9 thoughts on “Mainstream Journalists Finally Wake-Up to the Greatest Fraud of All Time: Subsidised Wind Power

  1. Have a look at the April 2017 CSIRO report. They admit that “renewables” (wind and solar) cannot deliver over winter. “In Figure 22, winter renewable output in 2036 can be observed as being lower than during summer, and as such the system producing less energy for battery storage during the day. This results in the system NEEDING to utilise GAS PEAKING PLANT MUCH MORE during this period. It should be noted that this example could be modified to include other solutions such the deployment of further demand management or state interconnectors.” “Much more” means most of the energy comes from and “demand management” means turn your heater off!!!!
    http://www.energynetworks.com.au/sites/default/files/entr_final_report_web.pdf Hydro is not currently suited to on/off over short periods because of turbine damage.

  2. Quite frankly, if this renewables scam has been a massive conspiracy to drive us towards nuclear power, I really don’t care anymore. Just stop polluting the Planet with f#cking wind turbines. They are a one trick pony and all the salesmen can do now is tell you this wind turbine is better than that one because it’s bigger! To quote Spinal Tap (and STT), “This one goes to 11!”

    And how have they helped exactly? The news keeps stating that the climate is warming year on year with yet more freak weather events. Well there you go. There is your proof. WIND DOES NOT WORK! The UK is full of them as are parts of Europe and elsewhere around the Globe and yet they are still telling us that the climate is warming. Why would you roll out yet more wind turbines across the Planet when clearly they don’t make the slightest bit of difference! Is the answer to the Great Barrier Reef bleaching events, to build a massive offshore wind farm RIGHT ON TOP OF IT!

    Well is it?

    This is the logic as used by the wind industry.

    One thing that has changed in the last 20 or so years is there are now thousands of wind turbines around the Planet. They were not there before. Now they are. That is a fact! They are churning up the Earth’s surface winds, which cool us down, and are mixing cold and hot air whilst all the time channelling spent energy into the Earth’s crust. The tectonic plates float for crying out loud! The Wind Industry are messing with forces we do not fully understand. A least one study I have read indicates that wind farms create a microclimate around them. The more you build, the more you alter the climate around the Planet. To my mind, these are among the key areas we should be researching, along with health. But we are not. Why? Because the wind industry and its supporters are too busy making money.

    Why get in the way of a buck!

    1. Crispin, a lot of research exists on micro climate changes from wind farms – could I suggest you look up the publications of Baidya Roy and Zhou.
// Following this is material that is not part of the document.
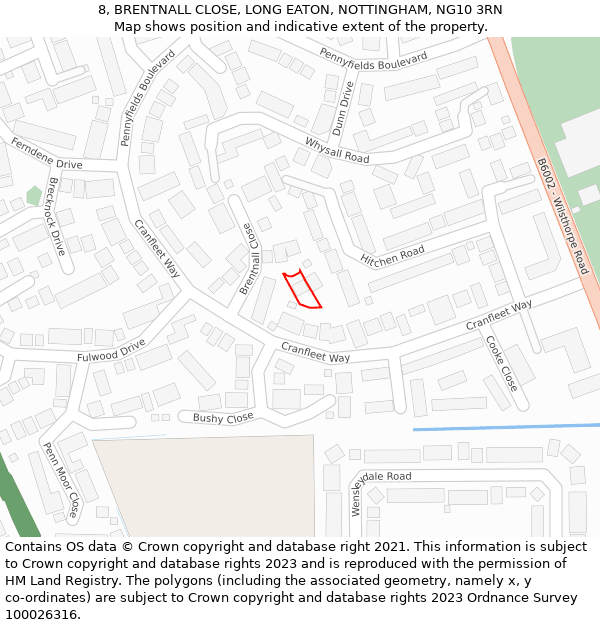 8, BRENTNALL CLOSE, LONG EATON, NOTTINGHAM, NG10 3RN: Location map and indicative extent of plot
One study in Texas demonstrated increased temperatures of 2 degrees centigrade over a decade, accompanied by additional drying (just what we need in rural Australia)! The NSW department of planning has ignored my submissions on this – not a problem for the inner city elites no doubt.

      1. Thanks for the reply Terry.

        Will follow this up.

        How can we establish the answers we seek if we do not ask the questions in the first place? No matter how off the wall they may seem.

        Knowledge is power.

        But a little bit of knowledge is a dangerous thing.

  3. Lets all be grateful John Hewson never became Prime Minister, hell he could have put Alan Kohler as his treasurer.

      1. “You can always trust an Investment Banker to look after the average worker”

        Agreed. Malcolm Turnbull is all for the little guy/gal/whatever.